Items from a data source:
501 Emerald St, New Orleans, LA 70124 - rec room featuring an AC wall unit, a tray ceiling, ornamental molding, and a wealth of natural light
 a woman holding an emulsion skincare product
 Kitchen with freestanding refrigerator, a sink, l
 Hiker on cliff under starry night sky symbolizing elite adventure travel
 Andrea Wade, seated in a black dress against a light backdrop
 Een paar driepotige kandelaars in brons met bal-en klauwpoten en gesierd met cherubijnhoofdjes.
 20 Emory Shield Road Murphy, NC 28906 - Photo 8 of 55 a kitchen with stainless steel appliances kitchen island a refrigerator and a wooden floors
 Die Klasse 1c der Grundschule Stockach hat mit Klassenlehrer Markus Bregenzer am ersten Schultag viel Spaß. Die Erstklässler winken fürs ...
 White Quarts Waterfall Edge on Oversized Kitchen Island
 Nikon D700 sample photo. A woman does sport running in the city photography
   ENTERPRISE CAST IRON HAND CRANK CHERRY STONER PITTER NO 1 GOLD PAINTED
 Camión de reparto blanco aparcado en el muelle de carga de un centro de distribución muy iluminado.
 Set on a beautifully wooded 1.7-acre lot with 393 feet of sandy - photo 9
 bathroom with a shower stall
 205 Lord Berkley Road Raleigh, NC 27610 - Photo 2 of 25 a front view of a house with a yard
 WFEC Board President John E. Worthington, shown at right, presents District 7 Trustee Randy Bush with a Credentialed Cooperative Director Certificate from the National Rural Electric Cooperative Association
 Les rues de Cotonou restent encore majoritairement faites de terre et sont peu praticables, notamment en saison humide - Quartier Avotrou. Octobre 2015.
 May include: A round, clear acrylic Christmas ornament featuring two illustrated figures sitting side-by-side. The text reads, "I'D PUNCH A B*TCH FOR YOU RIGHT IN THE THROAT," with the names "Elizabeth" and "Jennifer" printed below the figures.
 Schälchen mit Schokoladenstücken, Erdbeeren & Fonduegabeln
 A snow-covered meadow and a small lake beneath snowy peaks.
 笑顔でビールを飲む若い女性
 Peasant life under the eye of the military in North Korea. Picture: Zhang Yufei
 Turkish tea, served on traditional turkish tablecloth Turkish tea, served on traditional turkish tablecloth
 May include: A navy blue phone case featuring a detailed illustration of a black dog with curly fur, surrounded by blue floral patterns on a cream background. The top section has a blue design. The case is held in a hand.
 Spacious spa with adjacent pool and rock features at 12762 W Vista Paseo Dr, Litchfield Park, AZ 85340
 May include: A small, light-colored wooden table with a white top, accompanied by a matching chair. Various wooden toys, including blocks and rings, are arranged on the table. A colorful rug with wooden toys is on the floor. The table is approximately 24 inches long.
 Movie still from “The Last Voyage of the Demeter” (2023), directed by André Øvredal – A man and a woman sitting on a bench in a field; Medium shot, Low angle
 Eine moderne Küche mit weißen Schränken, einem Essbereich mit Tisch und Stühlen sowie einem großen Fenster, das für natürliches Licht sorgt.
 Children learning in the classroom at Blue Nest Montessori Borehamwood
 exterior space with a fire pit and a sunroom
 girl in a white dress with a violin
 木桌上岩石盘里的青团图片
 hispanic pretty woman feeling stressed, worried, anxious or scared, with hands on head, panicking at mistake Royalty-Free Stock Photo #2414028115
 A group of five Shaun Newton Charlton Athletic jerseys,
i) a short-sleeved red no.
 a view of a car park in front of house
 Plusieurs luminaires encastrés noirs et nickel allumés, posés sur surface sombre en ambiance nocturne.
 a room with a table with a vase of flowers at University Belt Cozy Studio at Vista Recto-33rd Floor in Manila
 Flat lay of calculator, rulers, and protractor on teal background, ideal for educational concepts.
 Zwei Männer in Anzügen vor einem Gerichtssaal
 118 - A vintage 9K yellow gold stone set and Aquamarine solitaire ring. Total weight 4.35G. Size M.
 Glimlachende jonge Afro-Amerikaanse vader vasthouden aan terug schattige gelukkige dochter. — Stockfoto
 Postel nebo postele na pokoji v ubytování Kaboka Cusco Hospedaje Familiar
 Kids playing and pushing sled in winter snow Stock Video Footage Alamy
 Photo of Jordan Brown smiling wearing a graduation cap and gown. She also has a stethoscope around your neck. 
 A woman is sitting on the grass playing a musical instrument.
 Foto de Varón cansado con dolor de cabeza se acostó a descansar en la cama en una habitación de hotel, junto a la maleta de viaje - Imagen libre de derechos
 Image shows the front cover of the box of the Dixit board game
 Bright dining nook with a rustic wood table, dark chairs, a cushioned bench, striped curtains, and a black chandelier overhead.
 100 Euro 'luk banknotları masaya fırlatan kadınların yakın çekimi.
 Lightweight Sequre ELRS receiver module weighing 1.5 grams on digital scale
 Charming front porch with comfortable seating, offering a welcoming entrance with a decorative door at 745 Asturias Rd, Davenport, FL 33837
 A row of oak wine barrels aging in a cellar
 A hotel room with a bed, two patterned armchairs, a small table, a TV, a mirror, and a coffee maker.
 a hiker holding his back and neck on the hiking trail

Your instructions: Look above for the line with "A woman is sitting" and the line with "Image shows the"; transcribe both and all lines in between, exactly, and nothing else.

Answer to this task:
 A woman is sitting on the grass playing a musical instrument.
 Foto de Varón cansado con dolor de cabeza se acostó a descansar en la cama en una habitación de hotel, junto a la maleta de viaje - Imagen libre de derechos
 Image shows the front cover of the box of the Dixit board game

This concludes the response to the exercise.